↓↓↓
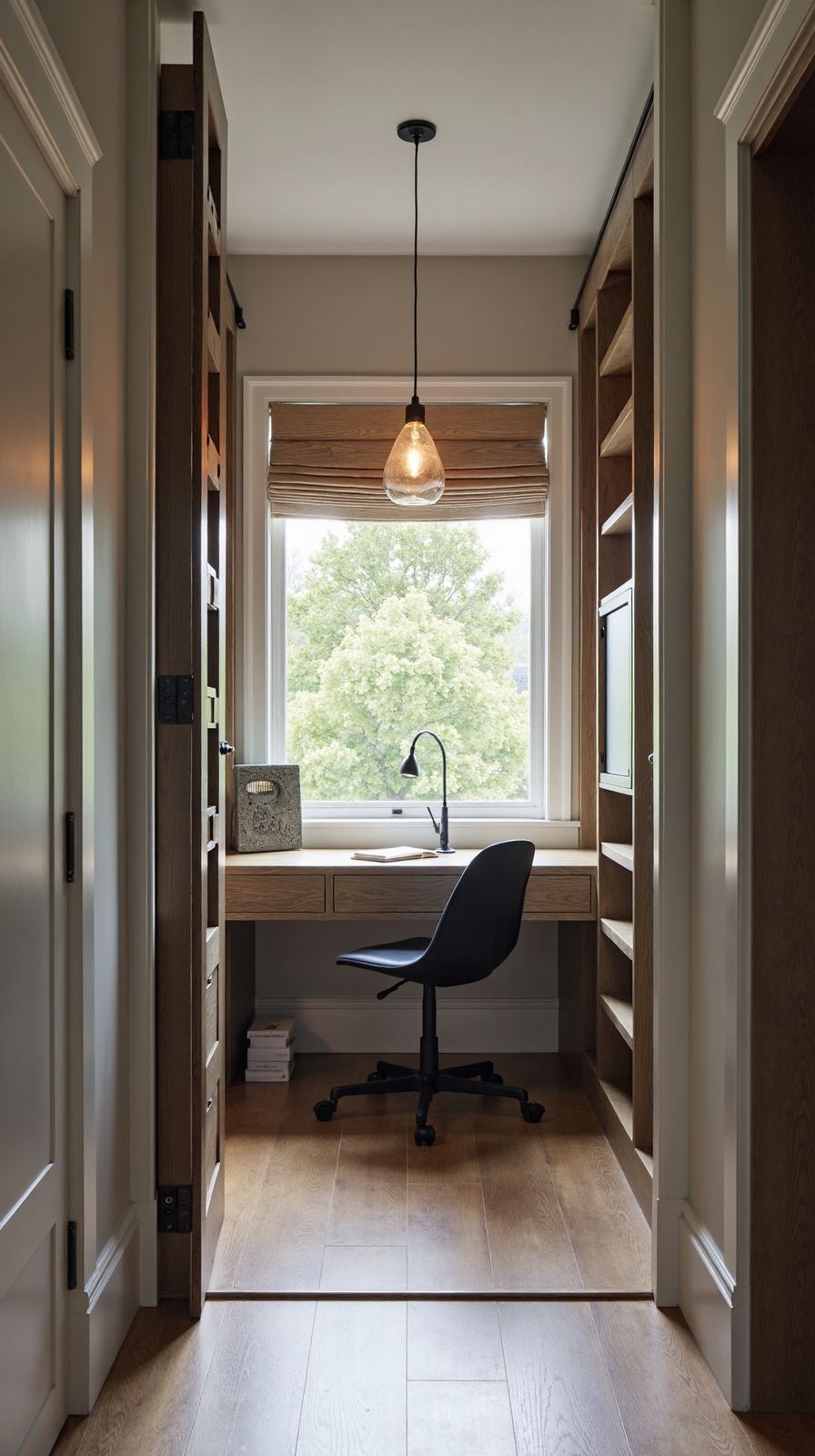 transform unused closet into nook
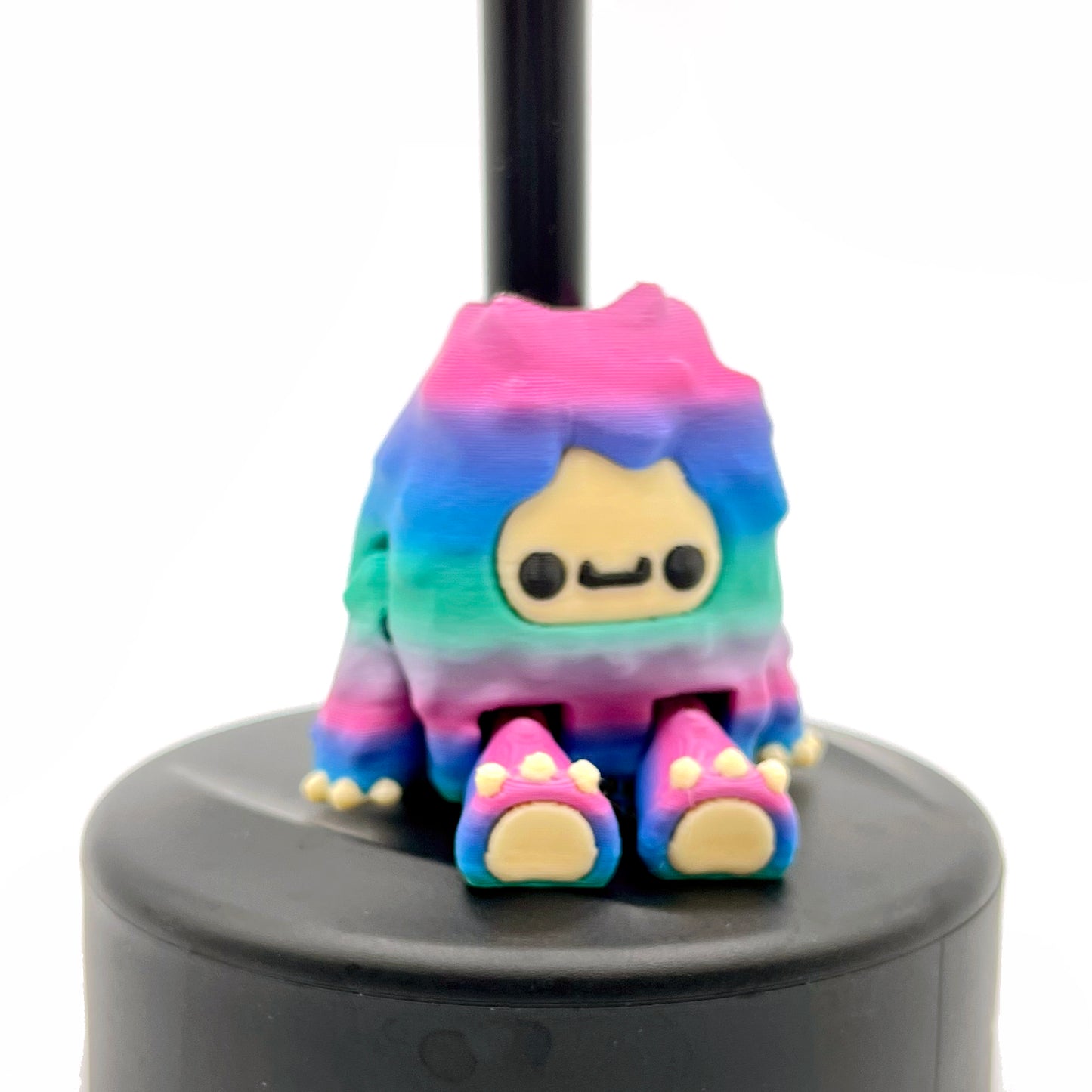 Flurryfoot & Bigfoot Sip Sidekicks – 3D Printed Cryptid Straw Toppers for Tumblers | Cute Straw Buddy Accessories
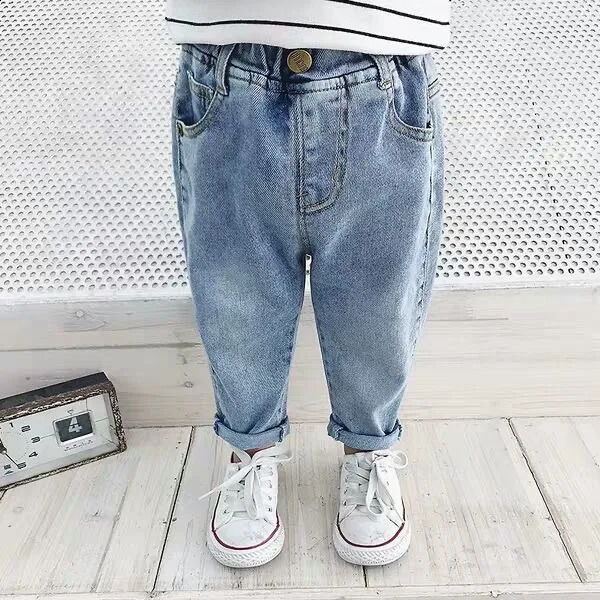 boys pants jeans loose fit suitable for casual holes cool children aged 06 250414z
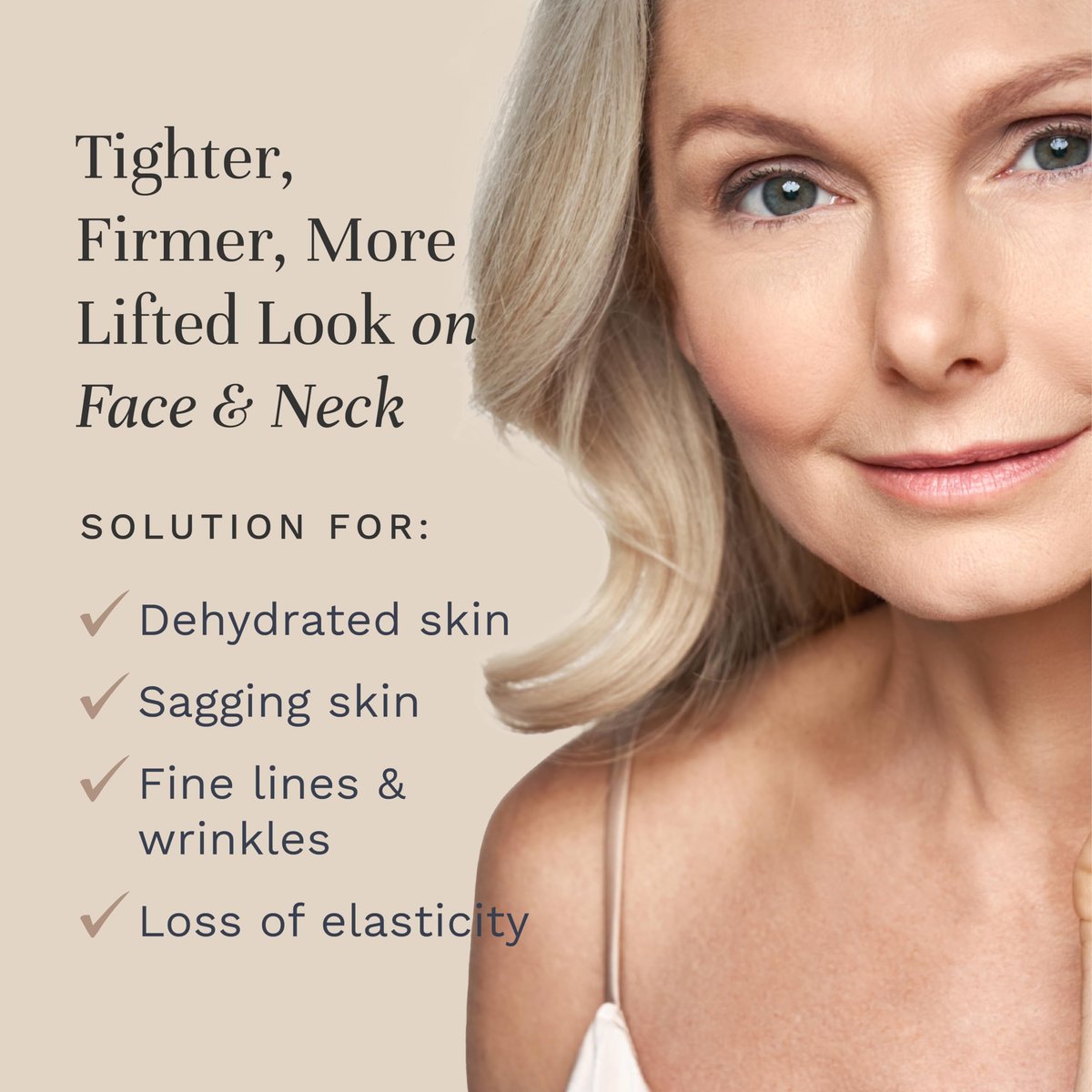 City Beauty Advanced Action Sculpting Cream - Firming Cream for Saggy Jawline, Drooping Face & Neck Wrinkles Avelisse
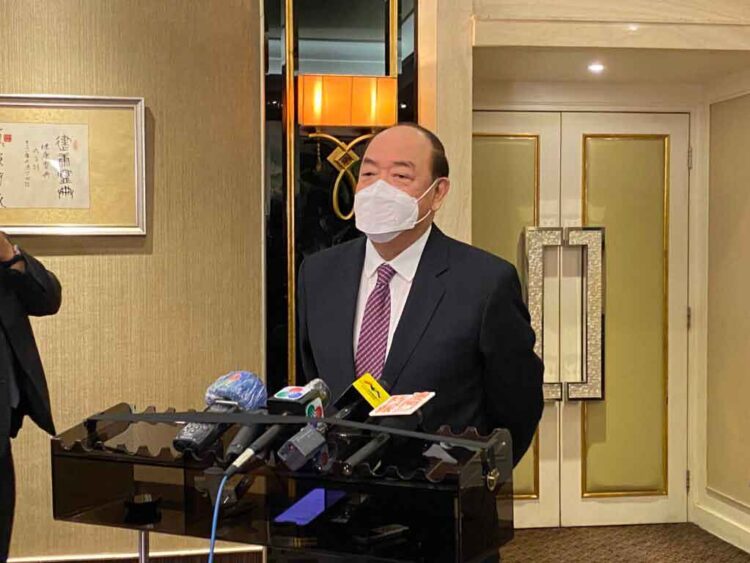 Chief Executive Ho Iat Seng confident Macau GGR will reach MOP$130 billion this year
↑↑↑
WHAT THE TASK ASKS:
Starting at the line that contains "City Beauty Advanced" and ending with the last line of the data, transcribe every line exactly; skip the pictures.

EXERCISE RESULT:
 City Beauty Advanced Action Sculpting Cream - Firming Cream for Saggy Jawline, Drooping Face & Neck Wrinkles Avelisse
 Chief Executive Ho Iat Seng confident Macau GGR will reach MOP$130 billion this year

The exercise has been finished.